— PROMPT —
Your output should be the lines of the entries below, exactly, from the first one through the line that holds "Railroads in Alabama".

— EXTRACTED INFORMATION —
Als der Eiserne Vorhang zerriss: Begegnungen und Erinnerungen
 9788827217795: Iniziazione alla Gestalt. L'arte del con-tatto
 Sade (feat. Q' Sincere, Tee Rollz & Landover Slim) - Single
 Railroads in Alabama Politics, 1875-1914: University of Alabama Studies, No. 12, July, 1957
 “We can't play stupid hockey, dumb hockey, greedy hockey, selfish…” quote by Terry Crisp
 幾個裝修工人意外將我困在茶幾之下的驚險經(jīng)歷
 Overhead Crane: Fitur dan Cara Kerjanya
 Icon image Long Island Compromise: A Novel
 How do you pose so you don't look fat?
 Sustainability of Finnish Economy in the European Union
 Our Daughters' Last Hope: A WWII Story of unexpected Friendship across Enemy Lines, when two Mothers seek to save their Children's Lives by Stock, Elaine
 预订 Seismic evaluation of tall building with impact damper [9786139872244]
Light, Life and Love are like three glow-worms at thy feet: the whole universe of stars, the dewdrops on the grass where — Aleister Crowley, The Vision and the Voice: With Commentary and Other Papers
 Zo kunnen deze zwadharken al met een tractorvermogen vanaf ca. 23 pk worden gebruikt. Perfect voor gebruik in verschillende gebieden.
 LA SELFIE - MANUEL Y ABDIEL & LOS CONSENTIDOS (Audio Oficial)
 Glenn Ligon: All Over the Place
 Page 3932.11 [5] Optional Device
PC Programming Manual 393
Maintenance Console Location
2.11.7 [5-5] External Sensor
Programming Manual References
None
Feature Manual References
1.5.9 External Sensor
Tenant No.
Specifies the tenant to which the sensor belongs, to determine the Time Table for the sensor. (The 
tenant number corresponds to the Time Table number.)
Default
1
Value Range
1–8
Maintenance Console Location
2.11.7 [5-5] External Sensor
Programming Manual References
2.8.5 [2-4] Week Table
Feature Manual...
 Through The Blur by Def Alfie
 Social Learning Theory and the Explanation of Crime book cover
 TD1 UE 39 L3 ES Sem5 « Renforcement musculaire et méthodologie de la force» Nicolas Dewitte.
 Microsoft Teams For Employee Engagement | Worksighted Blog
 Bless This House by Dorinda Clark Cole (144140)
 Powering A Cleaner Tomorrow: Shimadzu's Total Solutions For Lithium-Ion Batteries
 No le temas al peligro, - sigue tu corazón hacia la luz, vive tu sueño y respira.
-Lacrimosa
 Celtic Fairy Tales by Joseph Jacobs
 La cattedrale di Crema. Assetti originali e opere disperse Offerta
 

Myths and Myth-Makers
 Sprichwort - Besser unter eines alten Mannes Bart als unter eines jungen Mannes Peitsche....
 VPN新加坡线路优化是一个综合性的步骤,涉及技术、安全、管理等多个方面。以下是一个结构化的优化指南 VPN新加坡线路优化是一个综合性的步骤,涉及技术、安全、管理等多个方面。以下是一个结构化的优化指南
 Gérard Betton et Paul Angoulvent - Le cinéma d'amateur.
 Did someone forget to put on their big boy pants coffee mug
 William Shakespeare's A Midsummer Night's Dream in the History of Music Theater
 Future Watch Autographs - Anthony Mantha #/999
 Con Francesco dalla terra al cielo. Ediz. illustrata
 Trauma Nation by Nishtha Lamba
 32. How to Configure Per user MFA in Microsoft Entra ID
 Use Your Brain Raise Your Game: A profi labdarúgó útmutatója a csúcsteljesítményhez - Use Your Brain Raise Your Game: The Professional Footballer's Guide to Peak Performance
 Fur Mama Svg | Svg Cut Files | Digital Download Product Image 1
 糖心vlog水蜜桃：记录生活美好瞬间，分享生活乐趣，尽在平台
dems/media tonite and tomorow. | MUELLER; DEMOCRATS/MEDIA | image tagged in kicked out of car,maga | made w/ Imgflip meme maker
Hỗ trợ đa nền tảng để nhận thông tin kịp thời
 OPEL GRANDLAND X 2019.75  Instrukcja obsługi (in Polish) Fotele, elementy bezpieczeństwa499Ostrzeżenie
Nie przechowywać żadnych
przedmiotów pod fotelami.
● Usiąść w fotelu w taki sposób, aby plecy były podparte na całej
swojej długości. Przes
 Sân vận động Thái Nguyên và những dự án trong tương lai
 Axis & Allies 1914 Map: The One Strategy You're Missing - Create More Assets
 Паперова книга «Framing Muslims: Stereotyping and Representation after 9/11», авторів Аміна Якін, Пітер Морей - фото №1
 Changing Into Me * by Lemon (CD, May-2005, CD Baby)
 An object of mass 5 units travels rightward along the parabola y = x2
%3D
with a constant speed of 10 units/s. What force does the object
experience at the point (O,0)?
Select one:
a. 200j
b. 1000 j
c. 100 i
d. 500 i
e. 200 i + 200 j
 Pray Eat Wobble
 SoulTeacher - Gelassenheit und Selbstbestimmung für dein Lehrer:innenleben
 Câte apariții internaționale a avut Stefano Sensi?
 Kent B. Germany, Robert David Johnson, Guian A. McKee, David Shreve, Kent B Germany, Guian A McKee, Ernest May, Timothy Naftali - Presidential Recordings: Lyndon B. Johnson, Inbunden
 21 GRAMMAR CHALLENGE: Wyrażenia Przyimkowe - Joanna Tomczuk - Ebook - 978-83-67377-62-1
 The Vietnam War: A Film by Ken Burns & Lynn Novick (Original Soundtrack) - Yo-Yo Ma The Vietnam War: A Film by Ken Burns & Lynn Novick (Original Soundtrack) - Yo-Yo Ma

— RESPONSE TO THE TASK —
Als der Eiserne Vorhang zerriss: Begegnungen und Erinnerungen
 9788827217795: Iniziazione alla Gestalt. L'arte del con-tatto
 Sade (feat. Q' Sincere, Tee Rollz & Landover Slim) - Single
 Railroads in Alabama Politics, 1875-1914: University of Alabama Studies, No. 12, July, 1957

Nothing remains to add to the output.